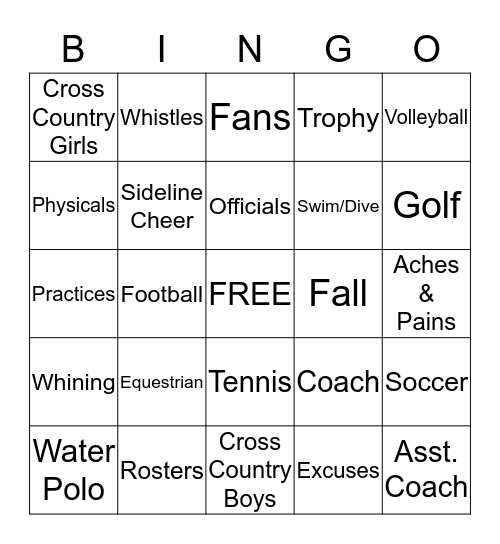 FALL SPORTS Bingo Card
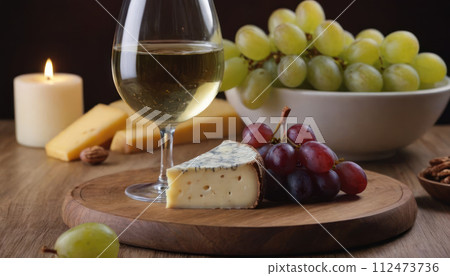 AI-generated content. Cozy wine tasting setting glass of white wine, cheese, and grapes. A warm and inviting atmosphere for a relaxed evening or wine tasting. 112473736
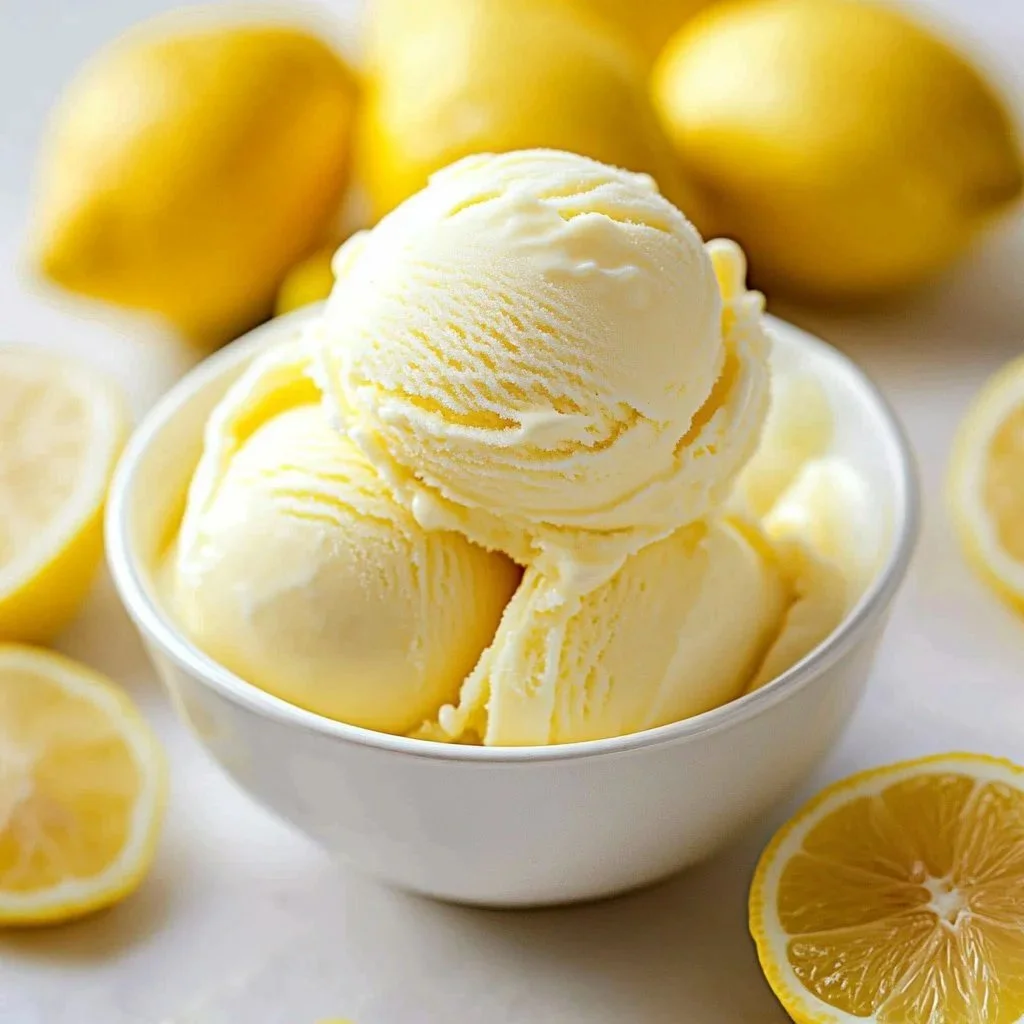 Delicious zesty lemon frozen yogurt served in a bowl with a slice of lemon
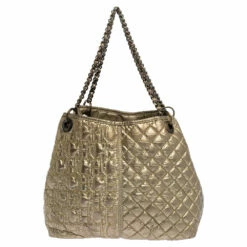 Carolina Herrera Metallic Gold Quilted Signature Leather Chain Tote Women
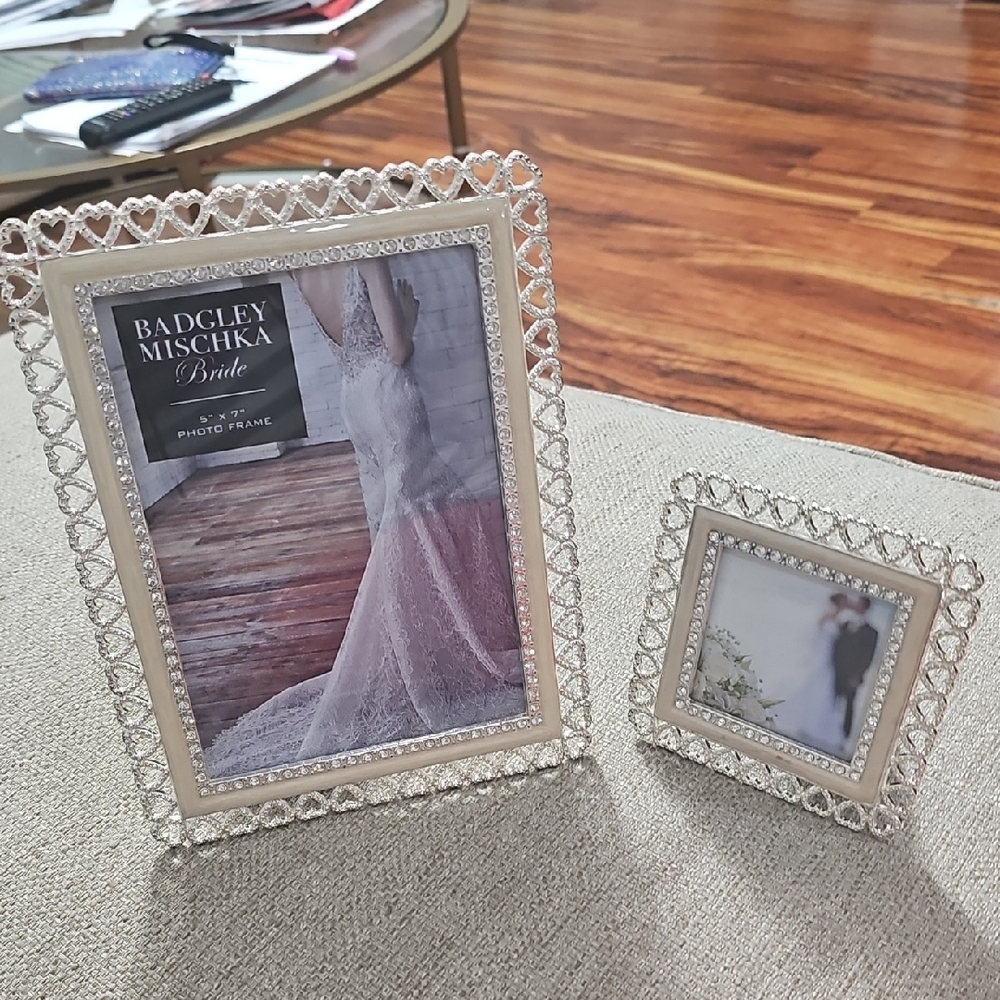 Badgley Mishka Bride Two Piece Photo Frame Set 8"×10" And 4"×4" NEW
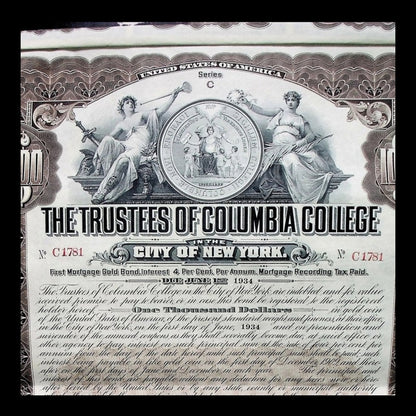 The Trustees of Columbia College Gold Bond from 1909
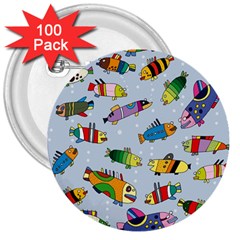 Fish Ocean Sea Water Diving Blue 3  Buttons (100 Pack) 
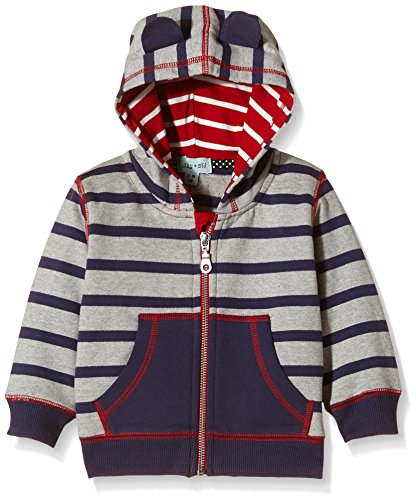 Lilly & Sid Baby-Boys Teddie Stripe Hoodie, Blue, 18-24 Months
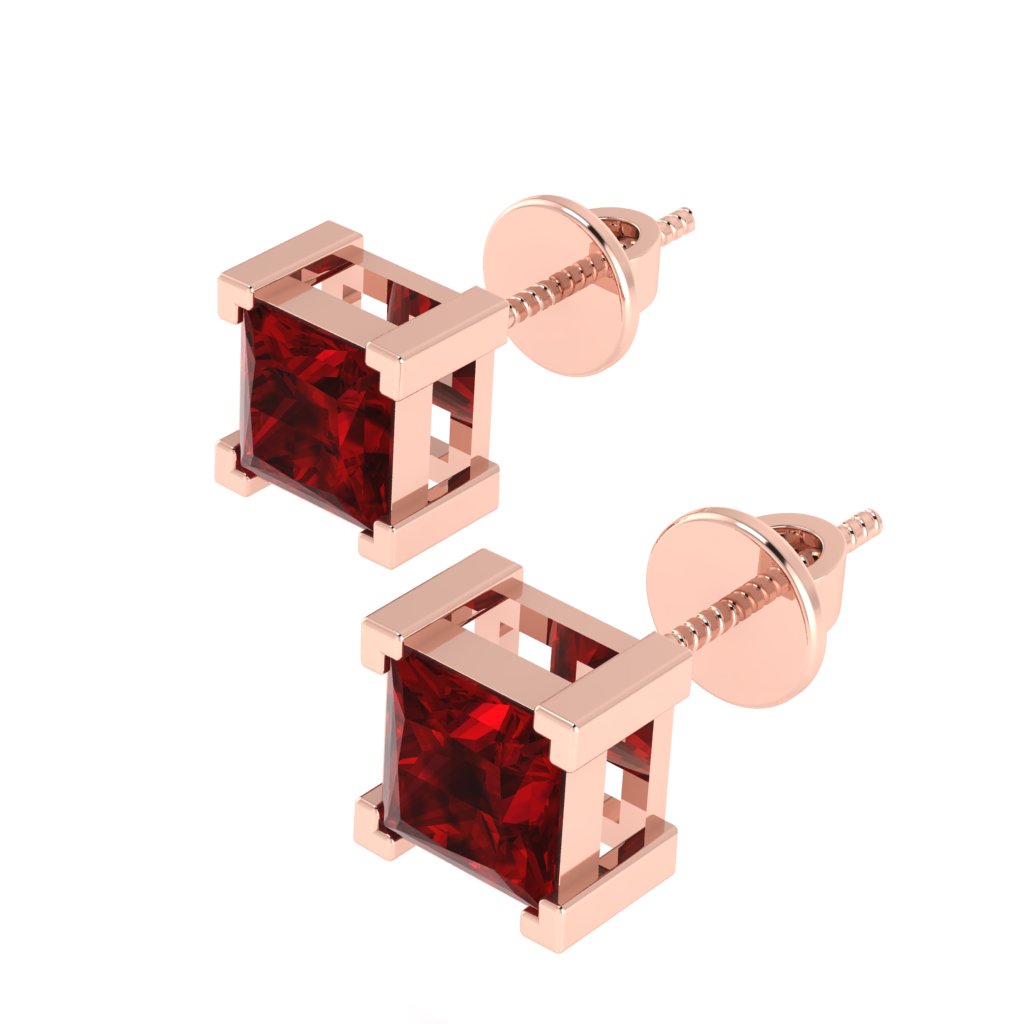 rose gold plated sterling silver princess shape ruby july birthstone stud earrings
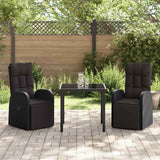 Garden Dining Set with Cushion 3 pcs Black Poly Rattan - Top-Down View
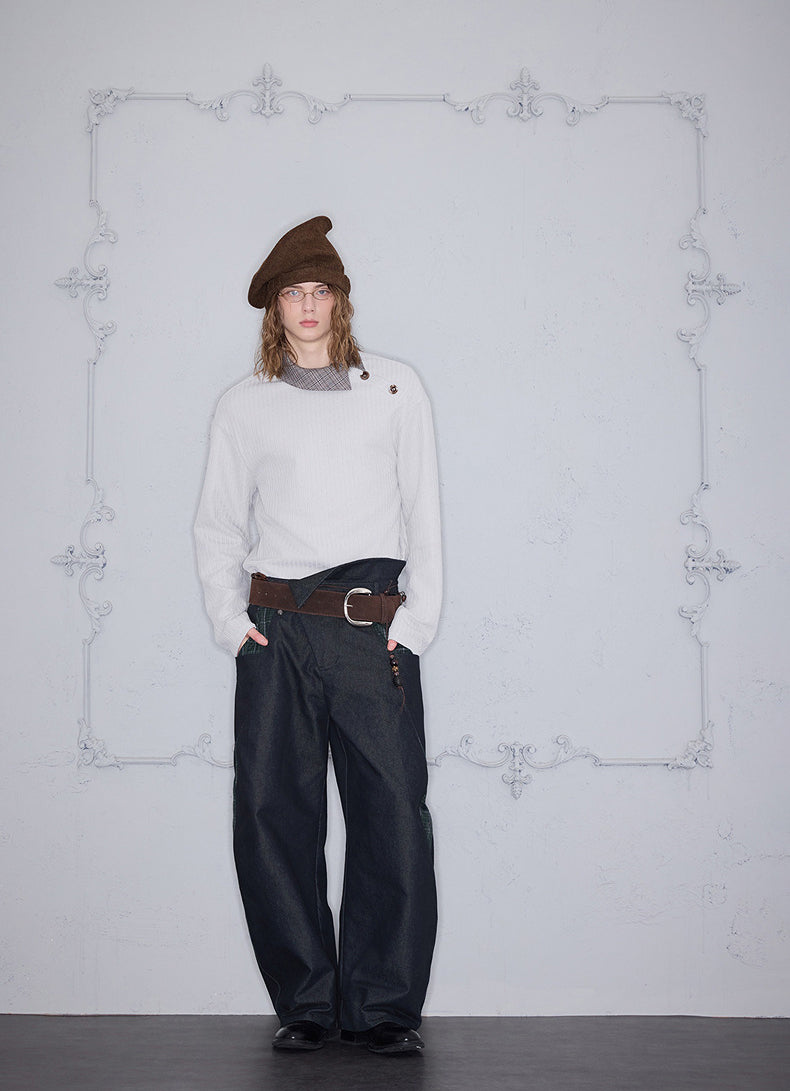 Deconstructed Casual Denim Pants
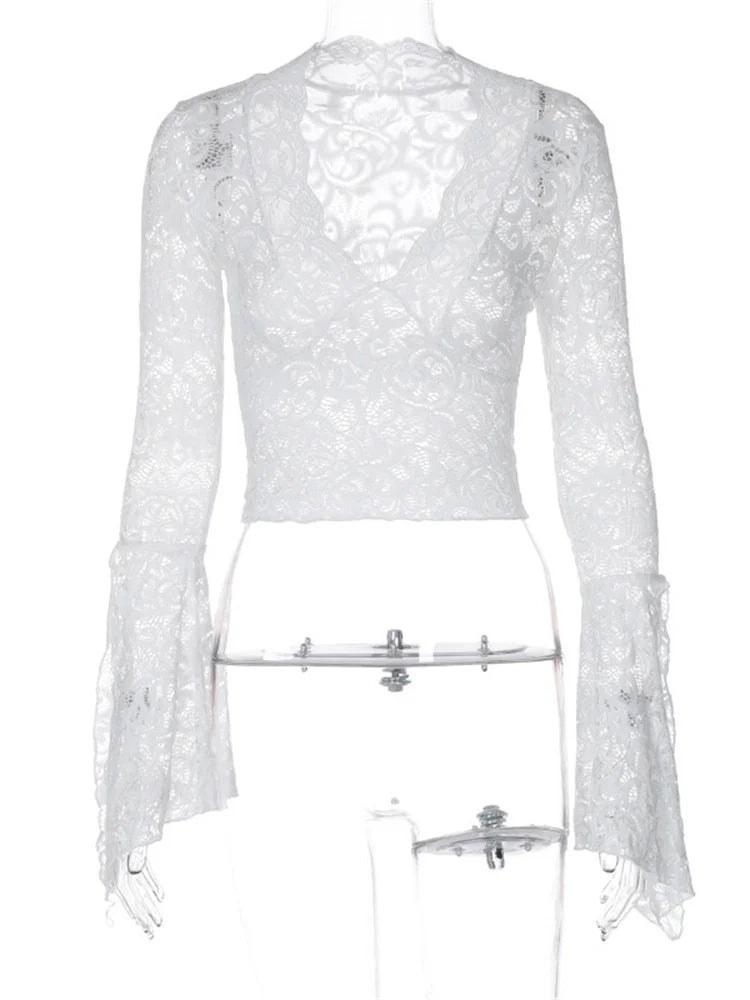 Lace See-Through Sexy Y2k Top T-shirt Women V-Neck Patchwork Hollow Out Fashion Cropped Top Night Club Clothes Crop top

──────────────────────────────

**What to work on**
Each entry above should be returned exactly as written, minus its pictures.

**Task answer**
 FALL SPORTS Bingo Card
 AI-generated content. Cozy wine tasting setting glass of white wine, cheese, and grapes. A warm and inviting atmosphere for a relaxed evening or wine tasting. 112473736
 Delicious zesty lemon frozen yogurt served in a bowl with a slice of lemon
 Carolina Herrera Metallic Gold Quilted Signature Leather Chain Tote Women
 Badgley Mishka Bride Two Piece Photo Frame Set 8"×10" And 4"×4" NEW
 The Trustees of Columbia College Gold Bond from 1909
 Fish Ocean Sea Water Diving Blue 3  Buttons (100 Pack) 
 Lilly & Sid Baby-Boys Teddie Stripe Hoodie, Blue, 18-24 Months
 rose gold plated sterling silver princess shape ruby july birthstone stud earrings
 Garden Dining Set with Cushion 3 pcs Black Poly Rattan - Top-Down View
 Deconstructed Casual Denim Pants
 Lace See-Through Sexy Y2k Top T-shirt Women V-Neck Patchwork Hollow Out Fashion Cropped Top Night Club Clothes Crop top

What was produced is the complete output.